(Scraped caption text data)
▼
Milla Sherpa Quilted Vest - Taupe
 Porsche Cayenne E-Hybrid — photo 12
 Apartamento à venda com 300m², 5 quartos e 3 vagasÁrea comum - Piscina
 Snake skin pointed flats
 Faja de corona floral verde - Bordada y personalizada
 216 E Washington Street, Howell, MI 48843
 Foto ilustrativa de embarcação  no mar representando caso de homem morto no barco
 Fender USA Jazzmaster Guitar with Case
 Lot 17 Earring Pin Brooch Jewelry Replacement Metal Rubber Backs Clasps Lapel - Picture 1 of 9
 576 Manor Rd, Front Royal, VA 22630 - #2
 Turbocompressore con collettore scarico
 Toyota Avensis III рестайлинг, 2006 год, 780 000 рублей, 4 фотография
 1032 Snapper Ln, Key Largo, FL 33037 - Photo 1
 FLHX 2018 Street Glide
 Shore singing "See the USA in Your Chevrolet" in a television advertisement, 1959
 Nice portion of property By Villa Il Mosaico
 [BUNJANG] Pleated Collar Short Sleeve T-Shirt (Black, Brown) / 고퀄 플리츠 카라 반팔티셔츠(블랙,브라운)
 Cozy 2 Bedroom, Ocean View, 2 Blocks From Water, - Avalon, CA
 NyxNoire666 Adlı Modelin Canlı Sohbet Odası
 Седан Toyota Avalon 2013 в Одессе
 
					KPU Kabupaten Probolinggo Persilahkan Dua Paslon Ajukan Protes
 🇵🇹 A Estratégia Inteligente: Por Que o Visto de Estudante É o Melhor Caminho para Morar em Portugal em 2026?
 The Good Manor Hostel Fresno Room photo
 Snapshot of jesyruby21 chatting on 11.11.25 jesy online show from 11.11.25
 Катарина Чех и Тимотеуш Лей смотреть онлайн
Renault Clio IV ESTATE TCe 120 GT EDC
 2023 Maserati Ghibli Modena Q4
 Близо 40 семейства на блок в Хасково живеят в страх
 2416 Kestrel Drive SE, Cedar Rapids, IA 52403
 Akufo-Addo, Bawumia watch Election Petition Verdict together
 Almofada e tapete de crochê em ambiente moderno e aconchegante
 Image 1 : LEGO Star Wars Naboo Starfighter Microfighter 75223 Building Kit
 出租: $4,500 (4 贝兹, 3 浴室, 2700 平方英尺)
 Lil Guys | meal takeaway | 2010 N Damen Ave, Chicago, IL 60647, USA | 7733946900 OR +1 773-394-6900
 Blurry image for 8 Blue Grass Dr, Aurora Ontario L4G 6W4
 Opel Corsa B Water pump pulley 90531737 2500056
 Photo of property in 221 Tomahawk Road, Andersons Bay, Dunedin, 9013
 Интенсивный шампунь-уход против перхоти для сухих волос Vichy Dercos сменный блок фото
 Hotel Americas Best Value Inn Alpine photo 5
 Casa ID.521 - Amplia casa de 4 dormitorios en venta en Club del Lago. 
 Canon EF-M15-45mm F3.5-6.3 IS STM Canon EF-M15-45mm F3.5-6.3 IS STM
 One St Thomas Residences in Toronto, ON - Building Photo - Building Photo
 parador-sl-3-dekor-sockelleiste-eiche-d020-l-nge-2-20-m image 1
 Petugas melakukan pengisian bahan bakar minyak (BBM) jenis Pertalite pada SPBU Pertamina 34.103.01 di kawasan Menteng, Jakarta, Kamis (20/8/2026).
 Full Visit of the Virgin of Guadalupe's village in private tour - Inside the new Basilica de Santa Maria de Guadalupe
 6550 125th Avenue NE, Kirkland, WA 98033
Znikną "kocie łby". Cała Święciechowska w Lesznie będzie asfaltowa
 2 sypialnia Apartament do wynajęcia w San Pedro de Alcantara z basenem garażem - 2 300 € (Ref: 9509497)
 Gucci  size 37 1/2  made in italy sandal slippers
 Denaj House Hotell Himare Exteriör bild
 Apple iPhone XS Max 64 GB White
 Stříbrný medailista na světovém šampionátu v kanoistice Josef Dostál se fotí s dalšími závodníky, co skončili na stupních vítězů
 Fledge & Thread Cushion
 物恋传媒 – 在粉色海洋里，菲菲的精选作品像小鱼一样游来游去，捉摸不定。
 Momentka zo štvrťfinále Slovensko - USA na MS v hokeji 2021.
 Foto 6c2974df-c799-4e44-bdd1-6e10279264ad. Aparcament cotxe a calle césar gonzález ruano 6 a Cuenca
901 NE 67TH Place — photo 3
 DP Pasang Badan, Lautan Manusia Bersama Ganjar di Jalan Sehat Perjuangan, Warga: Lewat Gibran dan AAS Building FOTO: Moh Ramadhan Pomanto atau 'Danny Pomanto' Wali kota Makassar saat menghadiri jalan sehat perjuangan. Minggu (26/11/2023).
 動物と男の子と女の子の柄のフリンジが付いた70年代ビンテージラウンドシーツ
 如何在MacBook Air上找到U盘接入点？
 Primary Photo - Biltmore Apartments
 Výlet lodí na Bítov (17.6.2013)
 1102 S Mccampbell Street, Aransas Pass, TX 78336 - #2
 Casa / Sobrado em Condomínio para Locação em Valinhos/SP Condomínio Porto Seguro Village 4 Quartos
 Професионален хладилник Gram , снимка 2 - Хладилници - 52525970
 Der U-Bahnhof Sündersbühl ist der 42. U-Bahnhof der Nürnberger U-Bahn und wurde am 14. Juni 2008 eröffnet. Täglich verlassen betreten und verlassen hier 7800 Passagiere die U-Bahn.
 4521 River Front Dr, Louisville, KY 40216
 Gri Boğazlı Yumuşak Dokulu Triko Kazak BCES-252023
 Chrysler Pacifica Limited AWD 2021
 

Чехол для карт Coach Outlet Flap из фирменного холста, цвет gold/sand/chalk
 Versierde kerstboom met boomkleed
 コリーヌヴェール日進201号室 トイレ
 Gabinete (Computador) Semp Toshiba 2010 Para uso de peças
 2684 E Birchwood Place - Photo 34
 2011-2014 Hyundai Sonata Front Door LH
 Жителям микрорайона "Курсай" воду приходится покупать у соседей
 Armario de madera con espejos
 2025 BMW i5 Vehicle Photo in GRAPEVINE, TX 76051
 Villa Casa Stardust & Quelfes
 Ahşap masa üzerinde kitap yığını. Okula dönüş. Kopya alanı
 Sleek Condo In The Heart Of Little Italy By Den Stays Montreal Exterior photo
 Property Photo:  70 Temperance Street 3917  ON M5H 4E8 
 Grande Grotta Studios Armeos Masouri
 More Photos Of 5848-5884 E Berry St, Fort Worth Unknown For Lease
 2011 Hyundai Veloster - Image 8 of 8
▲
- **Try it**
In the entries above, one line contains "901 NE 67TH Place — photo 3" and another contains "DP Pasang Badan, Lautan". Reproduce exactly those two lines and the lines between them, nothing else.

- **Answer space**
901 NE 67TH Place — photo 3
 DP Pasang Badan, Lautan Manusia Bersama Ganjar di Jalan Sehat Perjuangan, Warga: Lewat Gibran dan AAS Building FOTO: Moh Ramadhan Pomanto atau 'Danny Pomanto' Wali kota Makassar saat menghadiri jalan sehat perjuangan. Minggu (26/11/2023).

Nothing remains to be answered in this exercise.